» ASSIGNMENT
Exactly the lines from the one containing "Tote Bag Shopper" through the end of the listing below are required, restated word for word and without pictures.

--- TASK DATA ---

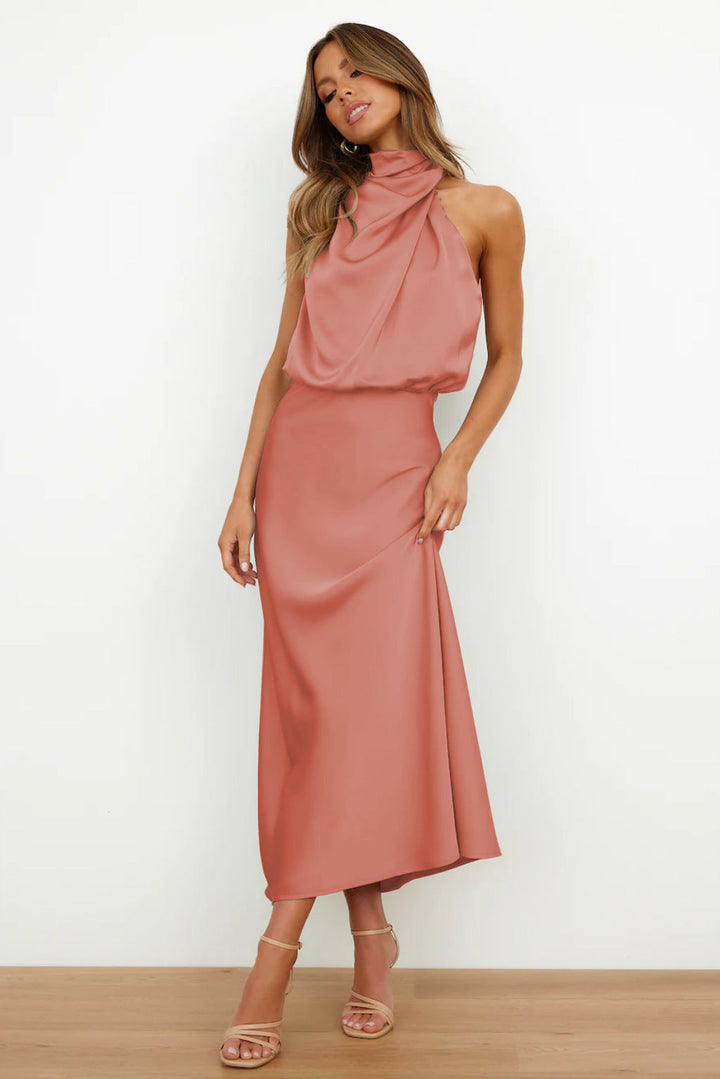 The Romina Neck Satin Maxi Dress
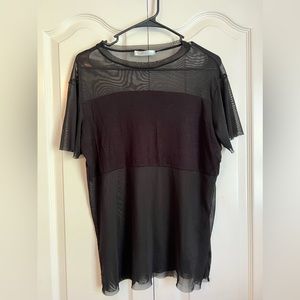 GAZE USA Women’s Medium Short Sleeve Black Mesh Top Cover Through the Middle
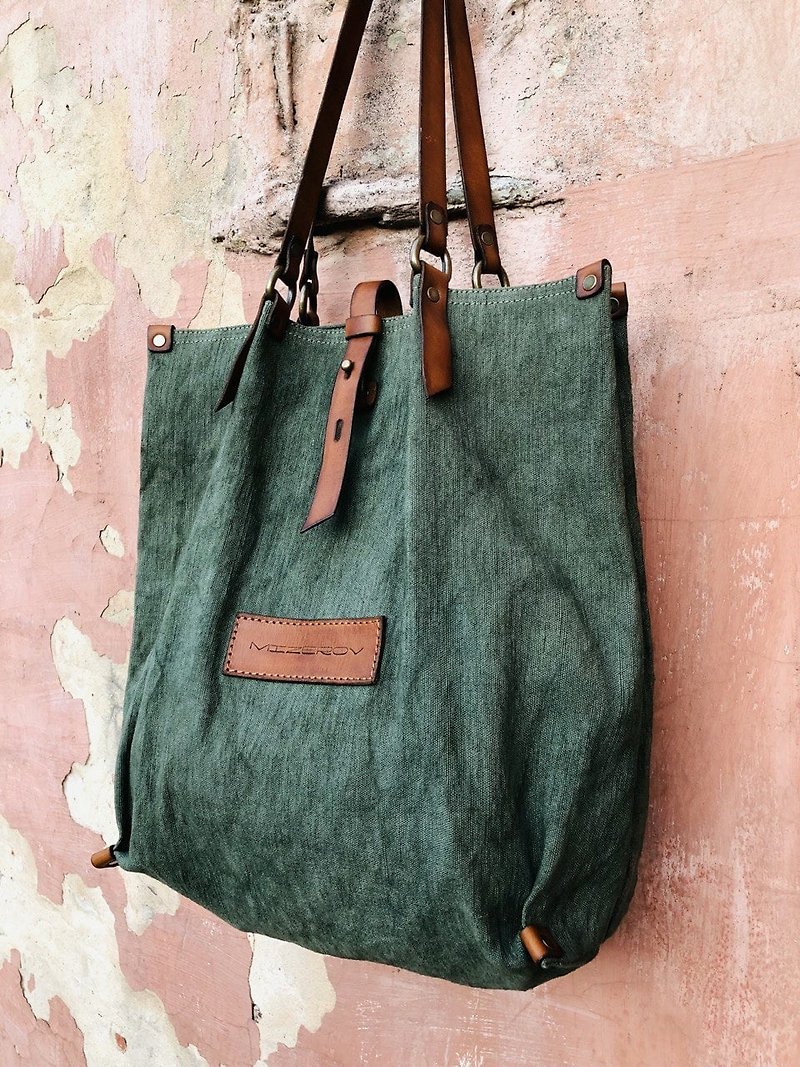 Tote Bag Shopper Bag Women Bag Canvas Bag Cotton Bag Hand Bag - Handbags & Totes - Cotton & Hemp Green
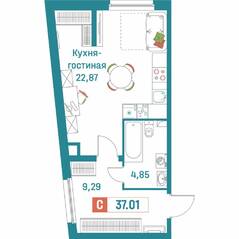 ЖК «Графика», планировка студии, 37.01 м²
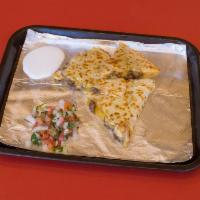 Quesadilla Plate · Large quesadilla loaded with cheese and your choice of filling with 2 sides.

---

» TASK RESPONSE
 Tote Bag Shopper Bag Women Bag Canvas Bag Cotton Bag Hand Bag - Handbags & Totes - Cotton & Hemp Green
 ЖК «Графика», планировка студии, 37.01 м²
 Quesadilla Plate · Large quesadilla loaded with cheese and your choice of filling with 2 sides.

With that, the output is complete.